问题
I want to stream a csv file and perform sql operations using flink. But the code i have written just reads once and stops. It does not stream. Thanks in advance,
StreamExecutionEnvironment env = StreamExecutionEnvironment.getExecutionEnvironment();
StreamTableEnvironment tableEnv = StreamTableEnvironment.getTableEnvironment(env);
CsvTableSource csvtable = CsvTableSource.builder()
.path("D:/employee.csv")
.ignoreFirstLine()
.fieldDelimiter(",")
.field("id", Types.INT())
.field("name", Types.STRING())
.field("designation", Types.STRING())
.field("age", Types.INT())
.field("location", Types.STRING())
.build();
tableEnv.registerTableSource("employee", csvtable);
Table table = tableEnv.scan("employee").where("name='jay'").select("id,name,location");
//Table table1 = tableEnv.scan("employee").where("age > 23").select("id,name,age,location");
DataStream<Row> stream = tableEnv.toAppendStream(table, Row.class);
//DataStream<Row> stream1 = tableEnv.toAppendStream(table1, Row.class);
stream.print();
//stream1.print();
env.execute();
回答1:
The CsvTableSource
is based on a FileInputFormat
which reads and parses the referenced file line by line.
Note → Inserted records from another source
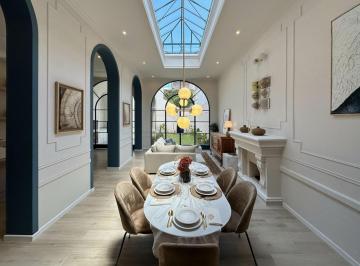 Casa · 205m² · 5 Ambientes · 1 Cochera · Impresionante Casa Totalmente Reciclada!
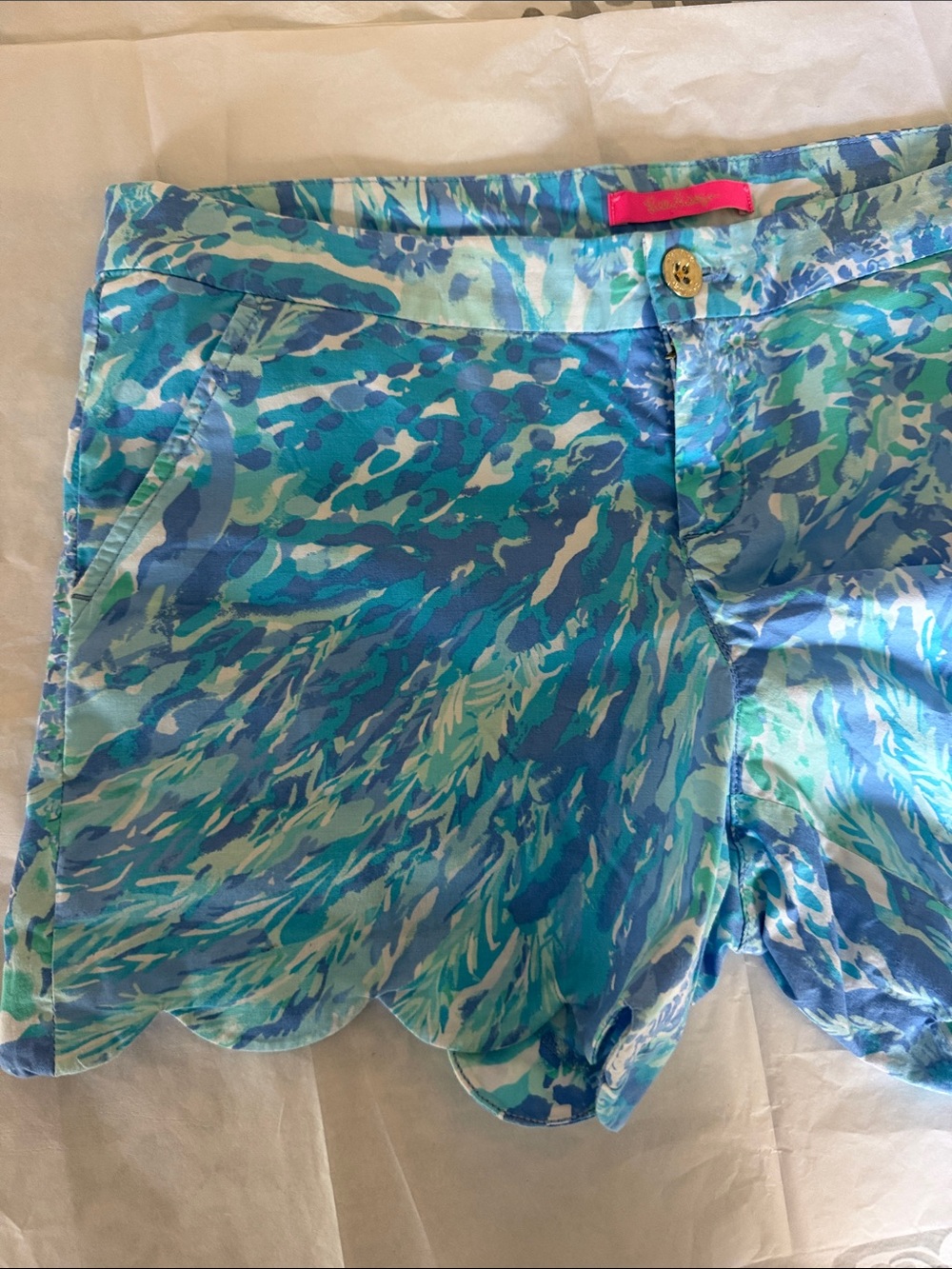 Lilly Pulitzer Buttercup Stretch Shorts in Blue Haven Hey Hey Soleil - Picture 3 of 4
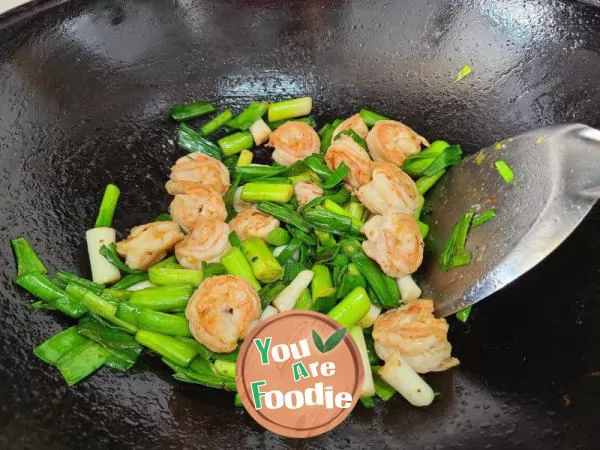 Stir fried shrimp with garlic sprouts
The resulting rows are forwarded into the streaming query. So in CsvTableSource
is streaming in the sense that rows are continuously read and forwarded. However, the CsvTableSource
terminates at the end of the file. Hence, it emits a bounded stream.
I assume the behavior that you expect is that the CsvTableSource
reads the file until its end and then waits for appending writes to the file.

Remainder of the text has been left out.